Trois ans seulement après une commande, les chantiers navals de Saint-Nazaire arrivent à livrer des bâtiments de plus de 300 mètres de long et de plus de 50 mètres de haut (équivalent à 20 étages). Ces monstres combinant du très « gros œuvre » à côté d'aménagements intérieurs raffinés, le respect du planning et des coûts, représente un défi considérable. Un exploit qui force l'admiration : cela semble irréalisable pour des constructions équivalentes sur la terre ferme. La maison-mère coréenne de ces chantiers envisage pourtant de vendre la totalité de STX Europe. L'occasion de ne plus repousser la question : comment rendre cette activité viable en France ?

Combien vaut STX-les chantiers navals de Saint-Nazaire ?

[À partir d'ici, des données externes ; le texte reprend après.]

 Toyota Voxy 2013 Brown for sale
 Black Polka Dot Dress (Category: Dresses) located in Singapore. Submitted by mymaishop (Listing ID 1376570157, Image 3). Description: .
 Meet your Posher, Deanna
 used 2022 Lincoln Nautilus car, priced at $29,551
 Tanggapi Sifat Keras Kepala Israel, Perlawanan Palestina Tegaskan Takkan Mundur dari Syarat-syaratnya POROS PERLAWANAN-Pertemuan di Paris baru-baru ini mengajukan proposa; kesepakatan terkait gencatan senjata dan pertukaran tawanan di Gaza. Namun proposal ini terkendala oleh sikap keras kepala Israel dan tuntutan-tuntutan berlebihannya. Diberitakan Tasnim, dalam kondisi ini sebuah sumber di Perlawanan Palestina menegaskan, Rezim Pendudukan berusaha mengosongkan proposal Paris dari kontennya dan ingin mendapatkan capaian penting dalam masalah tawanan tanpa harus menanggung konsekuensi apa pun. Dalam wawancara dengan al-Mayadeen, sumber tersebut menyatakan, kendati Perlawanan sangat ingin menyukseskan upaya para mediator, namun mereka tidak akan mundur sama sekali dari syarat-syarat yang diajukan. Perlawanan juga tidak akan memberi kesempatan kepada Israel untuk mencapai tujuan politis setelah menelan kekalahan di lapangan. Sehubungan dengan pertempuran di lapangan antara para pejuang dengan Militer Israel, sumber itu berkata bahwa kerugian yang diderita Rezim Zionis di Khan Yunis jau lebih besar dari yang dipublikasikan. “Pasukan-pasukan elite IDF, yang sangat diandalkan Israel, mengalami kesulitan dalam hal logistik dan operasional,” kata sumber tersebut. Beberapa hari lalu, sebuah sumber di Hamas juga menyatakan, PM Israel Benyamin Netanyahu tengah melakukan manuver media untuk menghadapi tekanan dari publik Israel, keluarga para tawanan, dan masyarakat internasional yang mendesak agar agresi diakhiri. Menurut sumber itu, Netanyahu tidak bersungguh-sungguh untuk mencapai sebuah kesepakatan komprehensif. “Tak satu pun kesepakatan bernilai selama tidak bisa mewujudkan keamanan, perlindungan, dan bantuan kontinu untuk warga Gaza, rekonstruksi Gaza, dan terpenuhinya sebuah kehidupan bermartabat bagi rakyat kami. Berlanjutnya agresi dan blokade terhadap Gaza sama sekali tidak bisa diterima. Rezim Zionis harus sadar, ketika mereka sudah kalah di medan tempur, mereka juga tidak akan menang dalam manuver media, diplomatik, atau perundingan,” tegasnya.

Le FSI Fonds Stratégique d'Investissement (maintenant division de la BPI Banque Publique d'Investissement) est actionnaire de STX France Cruise à hauteur de 33,3%. À la date du transfert de propriété de l'État au FSI, ces actions valaient 110 millions d'euros. Un an et demi plus tard, le 31 décembre 2010, elles étaient estimées dans le rapport du Sénat à 55 millions d'euros. Aucune évaluation n'a été publiée depuis par le FSI(a). À titre de comparaison :

  • En 2010, Alstom avait cédé à STX Europe 16,66% des actions de STX France pour zéro euro ;
  • En 2012, la capitalisation de STX Europe, qui emploie 14.500 salariés (dont 2.100 en France) dans des chantiers en Finlande, France, Norvège, Brésil, Roumanie et Vietnam, était d'environ 800 millions d'euros.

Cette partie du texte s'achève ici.